Starting at the line that holds "Databases: Backup with" and stopping at the line that holds "Fig. 10 - Tunable", restate the records below word for word, with both of those lines included.

→ Provided entries
________

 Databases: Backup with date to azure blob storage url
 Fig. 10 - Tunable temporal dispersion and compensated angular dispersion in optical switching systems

________

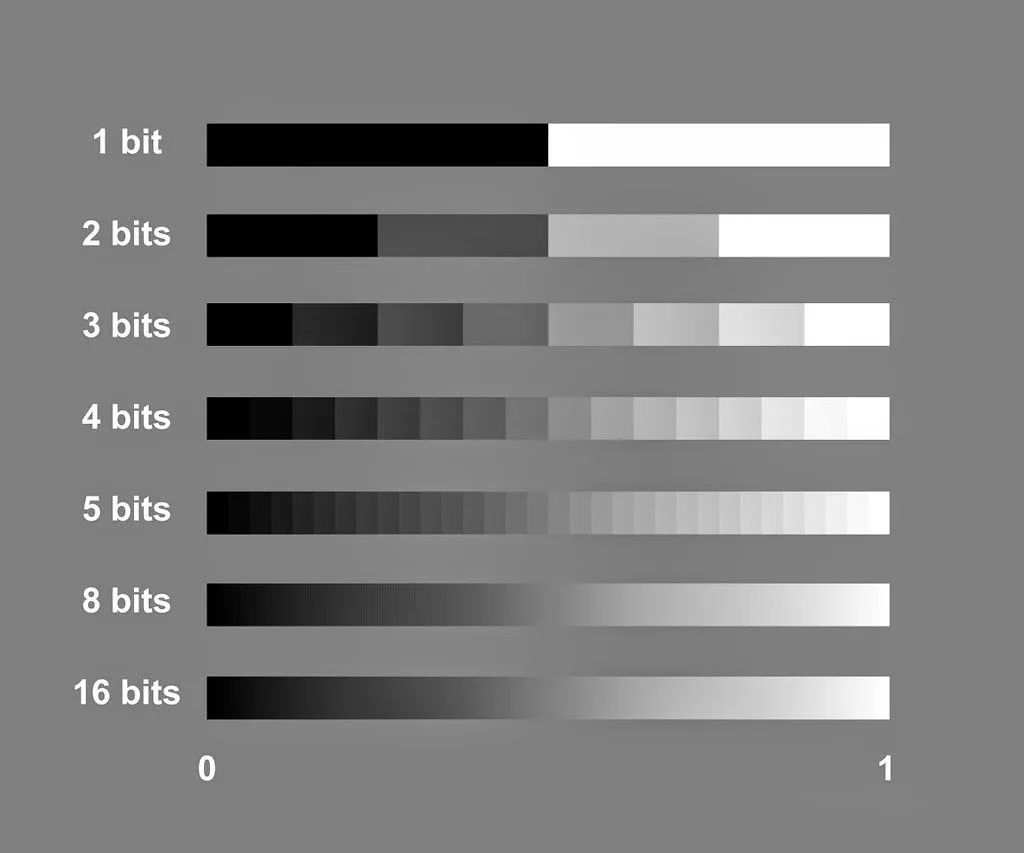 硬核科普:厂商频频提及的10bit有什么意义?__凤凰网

________

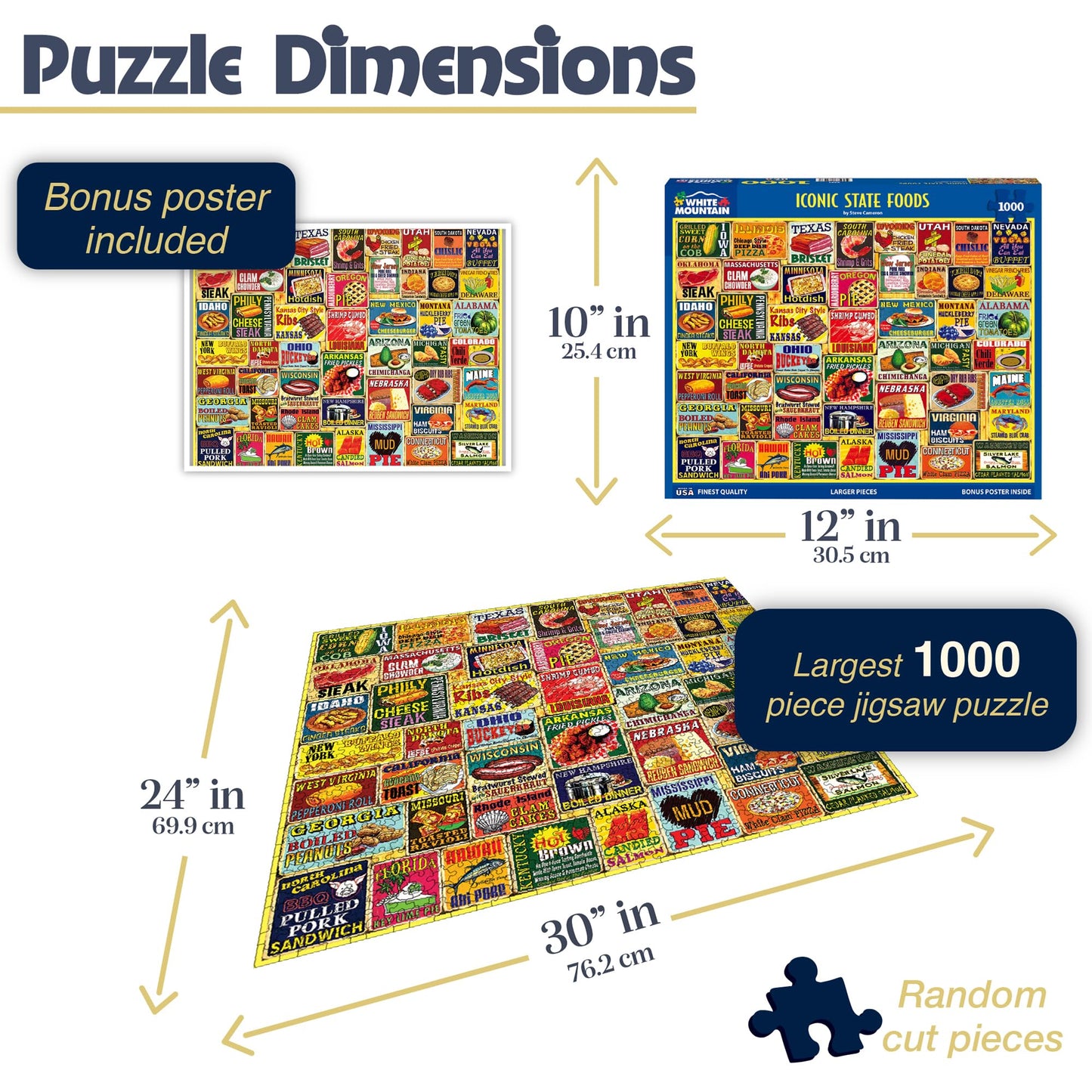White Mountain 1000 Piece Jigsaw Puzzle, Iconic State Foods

________

→ Solved problem
 Databases: Backup with date to azure blob storage url
 Fig. 10 - Tunable temporal dispersion and compensated angular dispersion in optical switching systems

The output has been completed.